Balance
The May 25, 1944 edition of the Liberty Vindicator publishes a list of local residents — 28 in all — who were released from nearby Mercy Hospital that week, as it does every week.
In a time before HIPAA, in Liberty, Texas — a town along the muddy banks of the Trinity River, 43 miles northeast of Houston, where the return of Arabella, the mystic white heron, warrants front-page coverage — such news is fodder for local chatter and fills column inches. Plus, it’s good to know that Mrs. Suther brought home a baby girl or that old man LaFour’s gout is improving. Folks who didn’t make it out of the hospital alive are listed in a different, even more popular section of the paper.
Nineteen-year-old Nadine Woods, the fifth of six children born to William and Gertrude of the prominent local family, leaves the hospital not with a new baby or a fresh arm cast and instructions to take it easy. She leaves Mercy with one answer and a thousand questions. She and her twenty-three-year-old sister Sallie had been feeling more off-balance and clumsy of late. So Nadine, not one to shy away from a challenge, went looking for answers.
Progressive Muscular Dystrophy. MD. That’s her answer. That’s her diagnosis. That’s her sentence. A rare, incurable disease that starts by destroying the leg muscles and ends by destroying the heart muscles. MD strikes young boys most often and most severely. People with the disease rarely outlive their twenties.
Worse yet for Nadine, the hereditary disease is also likely the cause of Sallie’s maladies.
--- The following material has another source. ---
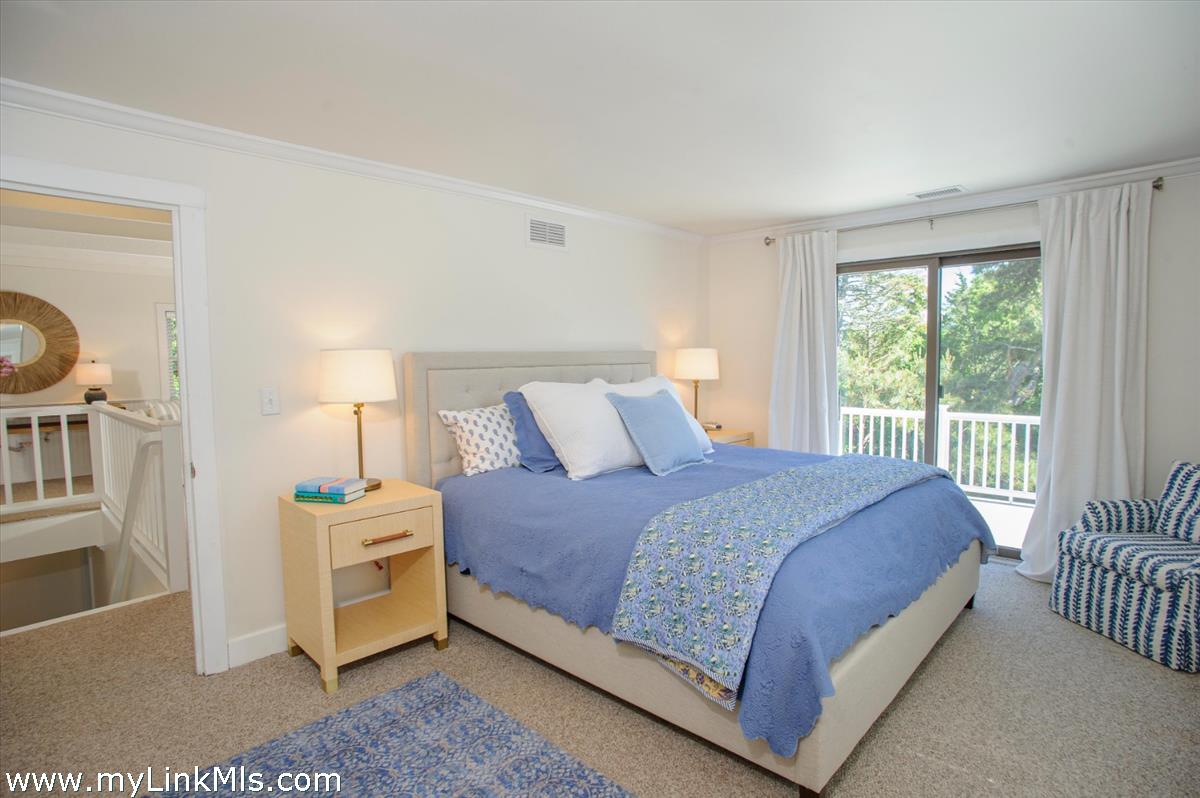 8 Massasoit Road Edgartown, MA 02539 - Photo 23 of 33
The more she thinks about their older sister Thelma, the more she wonders if she too might share her diagnosis. Nadine’s worst fear is confirmed. She and her two sisters have MD. At 31, Thelma’s already bested the average life span.
The Woods take little time to lick their wounds. They have the means to access good medical care and the motivation to do something bigger. In a time when mental and physical disabilities are often kept out of sight and out of mind like a secret family shame, Nadine and Sallie Woods become the talk of the town, taking every opportunity to educate their community about Muscular Dystrophy and advocate for research funding.
On March 20, 1950, the Liberty sisters start the National Muscular Dystrophy Research Foundation (NMDRF), billed as the first of its kind in the nation. They also launch the first national register of people with the disease. The organization claims Mamie Eisenhower as its inaugural president. The future First Lady understands the stigma stemming from the sisters’ symptoms; she lives with Ménière’s disease, an inner ear condition that causes poor balance and spawns rumors of her alcoholism.
While their disease limits the sisters’ mobility and soon confines them to wheelchairs, it does not slow them down. Flanked by Mrs. Ada Eldred, their office assistant and constant companion, Nadine and Sallie embark on an aggressive schedule of public appearances and fundraising efforts.
In 1960, cognizant of the publicity potential of their town’s name, the enterprising sisters of Liberty decide to commission a replica of Philadelphia’s famed Liberty Bell to promote their ongoing campaign. Bill Wagner, a broadcaster on KTRK TV in Houston, convinces the station to put out a call to help pay for the commission. Eight area citizens*, including Ada Eldred and her husband, pay the $2,500 toll.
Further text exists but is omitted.